#6: LIGHT IN AUGUST, William Faulkner.
Continuing my annual tradition of ranking the best books I read this past year, I am writing a series of posts about these 10 great novels. You can find the 2011 list and previous lists here.
This novel is supposedly William Faulkner-lite, which is probably why I enjoyed it so much. To my deep and unutterable shame, I have slogged through The Sound and the Fury and Absalom, Absalom! with no pleasant memories of either. However. This? I really liked.
Light in August is the accessible proof for the claim that some make, that Faulkner is the greatest writer of all time. After reading this novel, I find that to be a plausible statement.

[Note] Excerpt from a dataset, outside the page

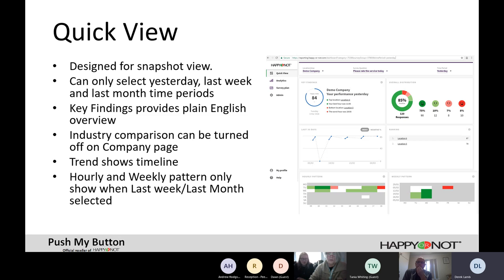The Quick View works really well when checking on your phone to see how you went yesterday or today. The industry comparison refers to medical practices using Happy or Not around the world — not just WA or Australia, but globally. Take that comparison with a grain of salt, as you may be compared to a physio in Northern Europe, but it gives a general sense of how you're doing relative to your industry.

I wanted to believe in Faulkner’s unmatched greatness after having read The Sound and the Fury and Absalom, but I only pretended to understand that claim, in the same way that I pretended to understand ranking Ulysses as the greatest novel ever written. The works are too dense, difficult, and vast for me, and so I nod quietly and assume their genius without attempting to comprehend. This, however, was comprehensible and a solid and clear proof of Faulkner’s brilliance and his unblemished standing in the Western canon.
The novel, published and set in 1932, concerns a small town in Mississippi with a cast of complicated and contentious characters. The lack of progress, poverty, and dismal state of race relations made me think that this book was set in the late 1800s. I was shocked when I realized that it was intended as a portrait of the contemporary deep South. But Faulkner knew it like no other. Light in August follows three interconnected characters in this town, judiciously examining their motives and propelling their dark and fascinating destinies.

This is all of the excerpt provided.